Starring: Robert Downey Jr., Jude Law, Mark Strong, Rachel McAdams, Eddie Marsan, Kelly Reilly
Director: Guy Ritchie
Writer(s): Michael Robert Johnson, Anthony Peckham
Cinematography: Philippe Rousselot
Original Score: Hans Zimmer
Running Time: 128 Mins.
The most surprising thing about Sherlock Holmes is that it has taken so long for the eponymous detective to return to the silver screen, yes, there have been a couple of BBC adaptations starring Richard’s E. Grant and Roxburgh successively donning the deer-stalker and Ian Hart as Watson, both were rather lacklustre and cried out for some hollywood sheen, a few names became attached including at one stage Nell Marshall as director upon Warner’s acquiring the rights to the character, however post making Rock n’ Rolla a mild hit for the studio true cockney geezer Guy Ritchie was passed the reins and fast secured Hollywood’s current hottest star Robert Downey Jr. as Holmes.
The role of Watson took a little longer with stars as diverse as Russell Crowe and Jason Statham (thank god that didn’t happen!) mentioned, but eventually Jude Law was settled upon.
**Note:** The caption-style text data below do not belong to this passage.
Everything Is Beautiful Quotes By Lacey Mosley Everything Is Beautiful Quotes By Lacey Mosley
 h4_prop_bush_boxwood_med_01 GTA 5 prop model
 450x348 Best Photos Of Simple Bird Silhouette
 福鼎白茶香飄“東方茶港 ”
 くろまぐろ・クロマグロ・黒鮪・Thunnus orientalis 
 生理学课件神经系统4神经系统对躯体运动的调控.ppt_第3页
A choice that I, and many others, were less than impressed with, due to then hugely irritating level of smugness he all too often exudes.
But it is in this casting that proves Sherlock Holmes trump card, as the praise I am compelled to shower on the film is bookended by two of the years best performances (in terms of pure enjoyment) and most certainly the best example of the buddy film in quite some time. Many had grievance with the first glimpse of the films trailer with slo-mo, of which Ritchie can use a little too vapidly at times in his past films, the fact that this slo-mo was employed during scenes of Holmes boxing of all things seemed to set alarm bells ringing. As it is the slo-mo is there for a reason and that reason is to give us the best example yet of how Holmes mind works.
Therein lies yet another of the films great achievements, this is not simply about a man with extraordinary detective skills, no, Holmes is man with a very set way of thinking, eccentric yet brilliant, with major flaws, those that we are aware of from the novels are present yet not hammered home to the point that they become an issue, while Downey Jr. plays the part to perfection. Even his accent stands up to scrutiny, to say the man is on of the most versatile around is to be honest something of an understatement, yes he has his trademark fast talking that occasionally would benefit from subtitles but it fits the character so well, Holmes IS a man who veers from one emotion to the next, rashly and without any warning, a loose cannon as it were.
As Watson though Jude Law seems to have harnessed the annoyances that have plagued his career thus far, toning down the smugness and proving, literally, the perfect foil for Holmes. Theres is a relationship that whole-heartedly embraces “bromance”, though it seems that just to make sure the idiots in the audience didn’t realise the relationship goes no further than that of a deep friendship they are both saddled with a romantic interest. I say saddled but once again both female leads (Reilly and McAdams) are impeccably cast and given ample story arcs with McAdams in particular proving a great foil for Holmes, if swimming in the cliché femme fatale pool occasionally but nowhere near enough to irk.
If there is a weakness it is in the slightly two-dimensional villain, Mark Strong does the best he can given his handful of scenes but the focus here is more on establishing Homes and Watson’s relationship and how Homes mindset works as opposed to the overarching plot. Good enough then, but leaves you feeling that the, hopefully, inevitable sequel will satisfy in the only slightly lacking area.
That said I cannot recommend Sherlock Holmes enough, Ritchie’s direction is hugely dynamic with some of the very best use of effects to compliment, rather than showcase, the plot all year and some of the shots including, in my opinion, the years best opening scene should shake all the disbeliever’s as to Ritchie’s talents to direct something of substance as well as handling a budget in the best possible way, something which a lot of this years blockbuster directors have tried, and failed, to do.
Sherlock Holmes holds many pleasant surprises, Ritchie is a great action director, Law is capable of being likeable, while confirming Downey jr. is more than capable of carrying not one, but two franchises, and dare I say it this might just be the better of the two. Quite simply the years most entertaining blockbuster.